An Efficient On-Policy Deep Learning Framework for Stochastic Optimal Control
Mengjian Hua, Mathieu Laurière, Eric Vanden-Eijnden
TL;DR
This work tackles the scalability bottlenecks of differentiating through controlled SDEs in stochastic optimal control by coupling the Girsanov change of measure with a simulation-free on-policy gradient. It derives a gradient formula that evaluates on the actual control path without backpropagating through trajectory solutions and offers a practical alternative objective amenable to automatic differentiation. The framework is applied to (i) constructing Föllmer processes for sampling from unnormalized distributions and (ii) fine-tuning diffusion-model drifts to tilt target distributions, achieving substantial reductions in memory and computation compared to SDE-differentiation baselines. Overall, the method provides a scalable, memory-efficient paradigm for training neural controllers in SOC and related probabilistic modeling tasks with real-world impact in sampling and generative modeling.
Abstract
We present a novel on-policy algorithm for solving stochastic optimal control (SOC) problems. By leveraging the Girsanov theorem, our method directly computes on-policy gradients of the SOC objective without expensive backpropagation through stochastic differential equations or adjoint problem solutions.
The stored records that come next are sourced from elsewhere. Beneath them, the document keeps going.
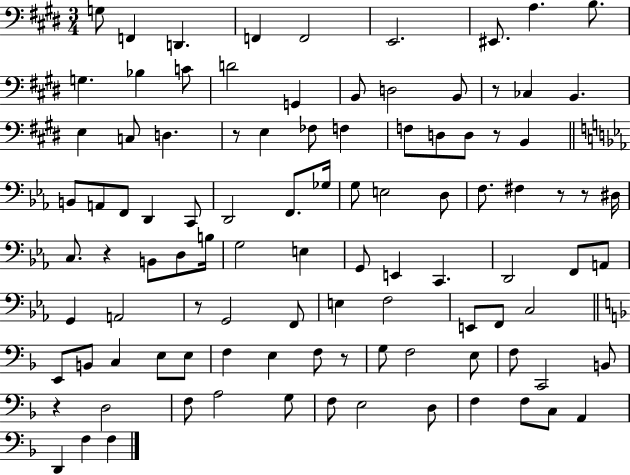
{
  \clef bass
  \numericTimeSignature
  \time 3/4
  \key e \major
  g8 f,4 d,4. | f,4 f,2 | e,2. | eis,8. a4. b8. | \break g4. bes4 c'8 | d'2 g,4 | b,8 d2 b,8 | r8 ces4 b,4. | \break e4 c8 d4. | r8 e4 fes8 f4 | f8 d8 d8 r8 b,4 | \bar "||" \break \key ees \major b,8 a,8 f,8 d,4 c,8 | d,2 f,8. ges16 | g8 e2 d8 | f8. fis4 r8 r8 dis16 | \break c8. r4 b,8 d8 b16 | g2 e4 | g,8 e,4 c,4. | d,2 f,8 a,8 | \break g,4 a,2 | r8 g,2 f,8 | e4 f2 | e,8 f,8 c2 | \break \bar "||" \break \key d \minor e,8 b,8 c4 e8 e8 | f4 e4 f8 r8 | g8 f2 e8 | f8 c,2 b,8 | \break r4 d2 | f8 a2 g8 | f8 e2 d8 | f4 f8 c8 a,4 | \break d,4 f4 f4 | \bar "|."
}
This approach significantly accelerates the optimization of neural network control policies while scaling efficiently to high-dimensional problems and long time horizons. We evaluate our method on classical SOC benchmarks as well as applications to sampling from unnormalized distributions via Schrödinger-Föllmer processes and fine-tuning pre-trained diffusion models. Experimental results demonstrate substantial improvements in both computational speed and memory efficiency compared to existing approaches.